• _AVAILABLE DATA_:
"""

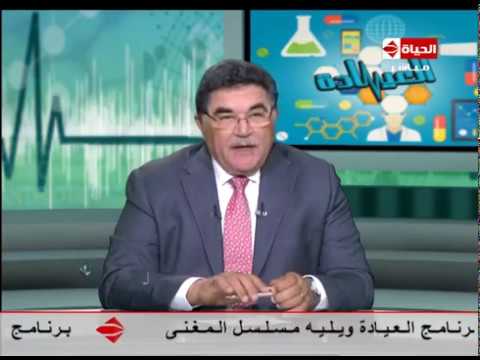 الدكتور أحمد عادل يستعرض مراحل زراعة الشعر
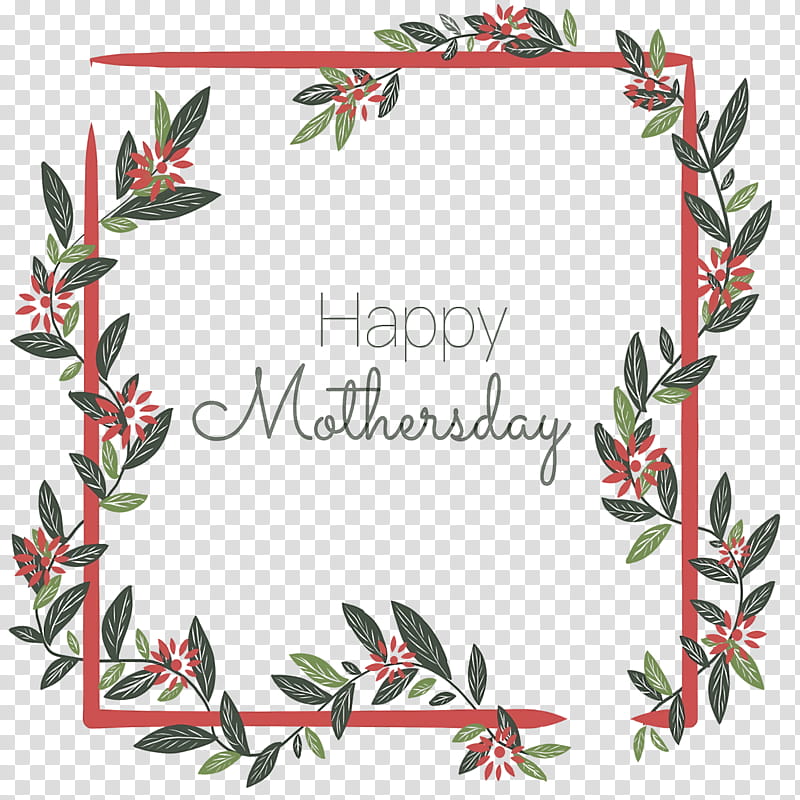 Mother's Day, Mothers Day, Spoken Word, December 22, Meet Us, 2019, April 22, History transparent background PNG clipart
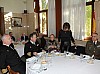 1645-090.JPG 1645-090.JPG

"""

The lines above must be transcribed exactly, with every picture left out.

• _YOUR SOLUTION_:
 الدكتور أحمد عادل يستعرض مراحل زراعة الشعر
 Mother's Day, Mothers Day, Spoken Word, December 22, Meet Us, 2019, April 22, History transparent background PNG clipart
 1645-090.JPG 1645-090.JPG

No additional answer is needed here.